(Brief descriptive captions)

Start of Block

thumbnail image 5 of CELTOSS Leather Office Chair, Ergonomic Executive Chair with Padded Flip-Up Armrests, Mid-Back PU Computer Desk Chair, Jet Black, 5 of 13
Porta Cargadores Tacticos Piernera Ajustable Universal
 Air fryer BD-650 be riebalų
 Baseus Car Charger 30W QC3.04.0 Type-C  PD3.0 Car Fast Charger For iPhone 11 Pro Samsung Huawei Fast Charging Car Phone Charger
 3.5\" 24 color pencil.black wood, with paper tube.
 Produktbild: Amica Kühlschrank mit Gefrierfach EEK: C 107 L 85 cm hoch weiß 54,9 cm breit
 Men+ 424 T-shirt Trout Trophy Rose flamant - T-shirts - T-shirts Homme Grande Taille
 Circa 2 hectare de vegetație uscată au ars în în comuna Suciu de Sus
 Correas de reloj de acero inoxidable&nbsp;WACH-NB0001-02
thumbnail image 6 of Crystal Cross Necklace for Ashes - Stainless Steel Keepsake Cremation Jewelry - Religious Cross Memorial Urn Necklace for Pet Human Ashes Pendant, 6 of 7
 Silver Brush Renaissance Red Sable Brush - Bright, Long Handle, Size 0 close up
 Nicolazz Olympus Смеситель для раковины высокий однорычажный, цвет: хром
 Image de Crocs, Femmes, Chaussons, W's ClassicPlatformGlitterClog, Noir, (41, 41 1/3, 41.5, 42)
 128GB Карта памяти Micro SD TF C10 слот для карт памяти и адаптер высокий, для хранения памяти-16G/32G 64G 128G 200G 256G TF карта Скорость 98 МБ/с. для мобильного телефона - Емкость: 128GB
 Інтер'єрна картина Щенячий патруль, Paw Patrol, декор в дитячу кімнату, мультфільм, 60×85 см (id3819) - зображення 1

End of Block

> **What to do**: Please return only the lines above, starting at the line that has "Produktbild: Amica Kühlschrank" and ending at the line that has "Correas de reloj", keeping both and leaving each one unchanged.

> **Answer to this problem**:
 Produktbild: Amica Kühlschrank mit Gefrierfach EEK: C 107 L 85 cm hoch weiß 54,9 cm breit
 Men+ 424 T-shirt Trout Trophy Rose flamant - T-shirts - T-shirts Homme Grande Taille
 Circa 2 hectare de vegetație uscată au ars în în comuna Suciu de Sus
 Correas de reloj de acero inoxidable&nbsp;WACH-NB0001-02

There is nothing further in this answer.